» **Source data**
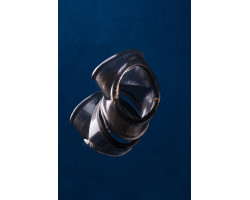 Эрекционное кольцо на пенис TOYFA XLover, Термопластичный эластомер (TPE), чёрный, 3,5 см-foto11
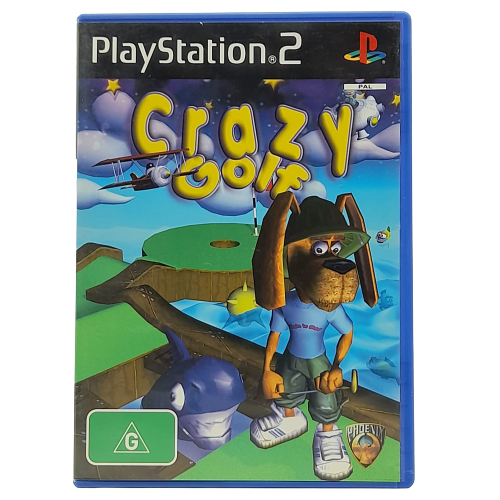 Crazy Golf - PS2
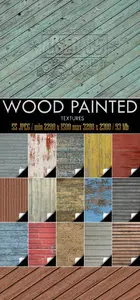 Wood Painted Textures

» **Your objective**
Leave the pictures out and return the rest of the material exactly.

» **Answer for the task**
 Эрекционное кольцо на пенис TOYFA XLover, Термопластичный эластомер (TPE), чёрный, 3,5 см-foto11
 Crazy Golf - PS2
 Wood Painted Textures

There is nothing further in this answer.